Image-text web data

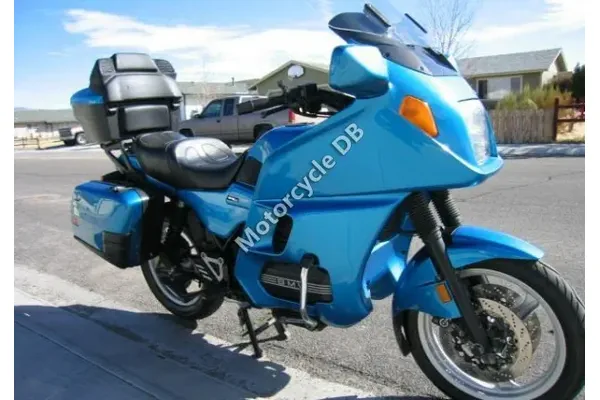 1994 BMW K 1100 LT
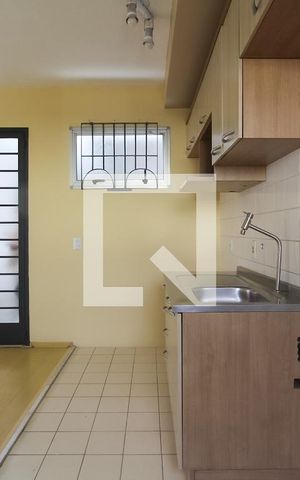 Apartamento para alugar com 44m², 2 quartos e 1 vaga Apartamento para alugar com 44m², 2 quartos e 1 vagaCozinha
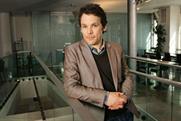 Giles Hedger: promoted to UK managing director at  Leo Burnett Group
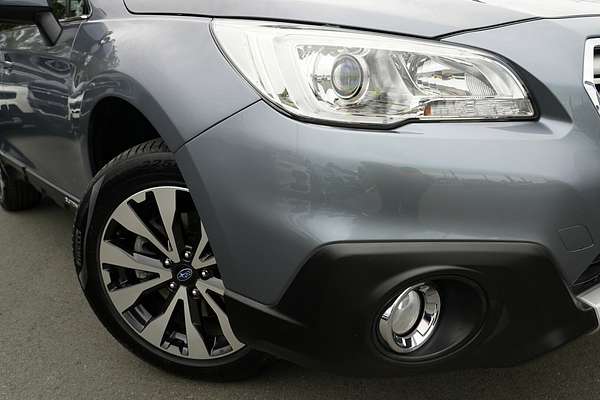 2015 Subaru Outback 2.5i 5GEN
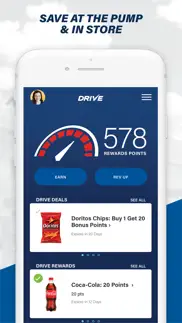 murphy drive rewards iphone images 1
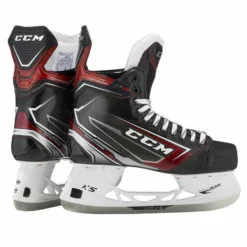 CCM JetSpeed FT480 Junior Hockey Skates (2019)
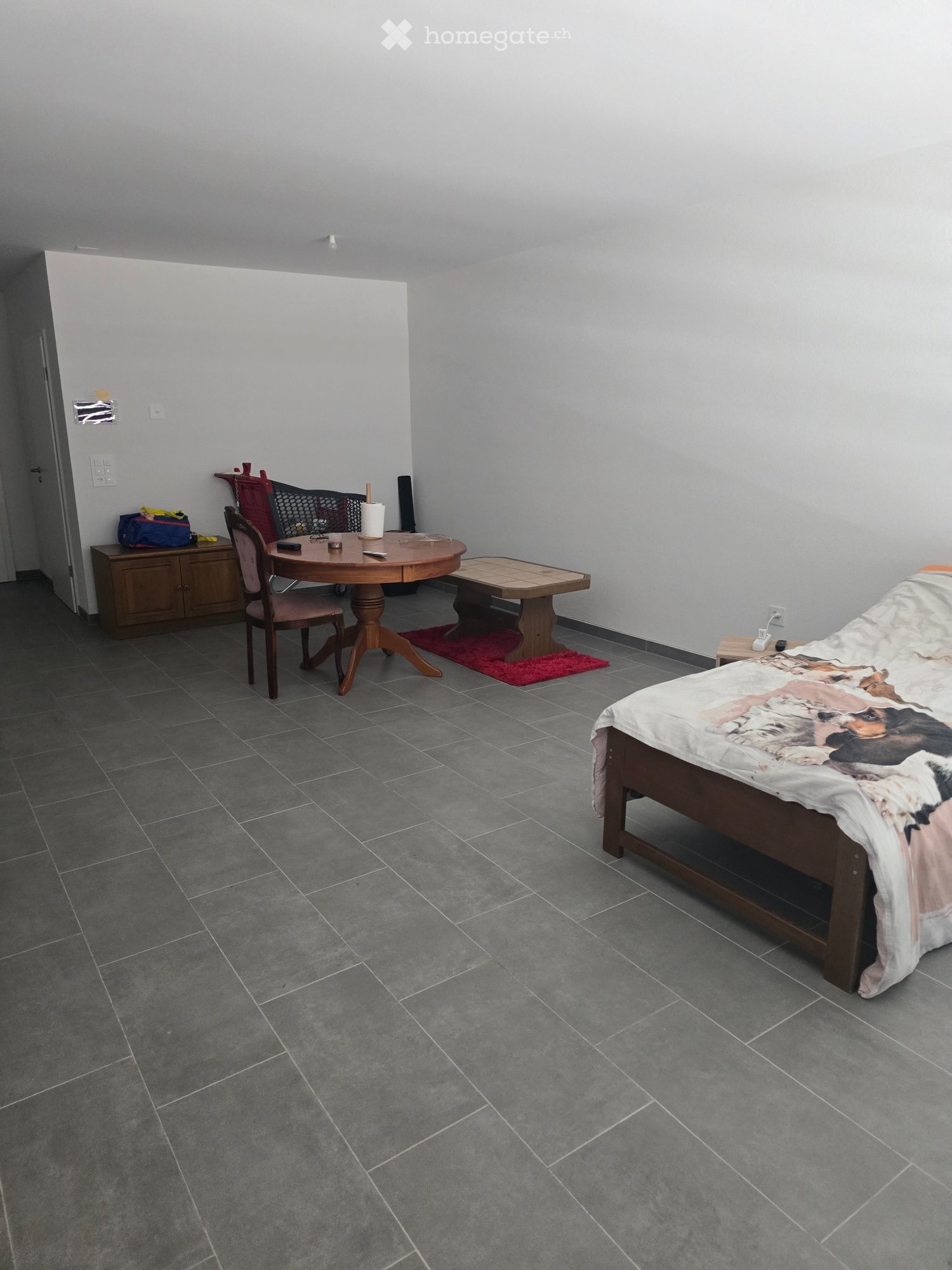 1 ½ rooms apartment, photo 4 of 5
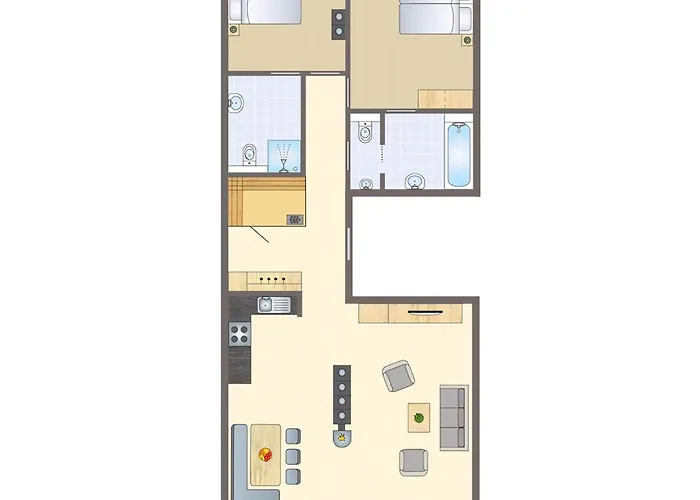 Landal Brandnertal Holiday park 3*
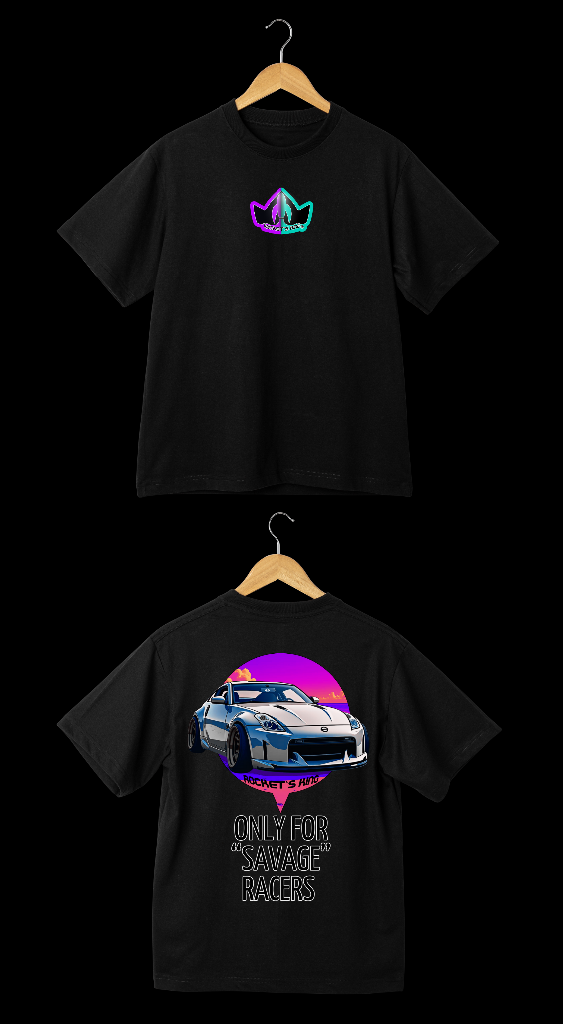 Camiseta 4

WORK INSTRUCTION
The lines to copy exactly start with the line above that has "Apartamento para alugar com 44m², 2 quartos e 1 vaga Apartamento" and go on through the line that has "1 ½ rooms apartment, photo 4 of 5"; please include both, add nothing else, and omit the pictures.

YOUR SOLUTION
 Apartamento para alugar com 44m², 2 quartos e 1 vaga Apartamento para alugar com 44m², 2 quartos e 1 vagaCozinha
 Giles Hedger: promoted to UK managing director at  Leo Burnett Group
 2015 Subaru Outback 2.5i 5GEN
 murphy drive rewards iphone images 1
 CCM JetSpeed FT480 Junior Hockey Skates (2019)
 1 ½ rooms apartment, photo 4 of 5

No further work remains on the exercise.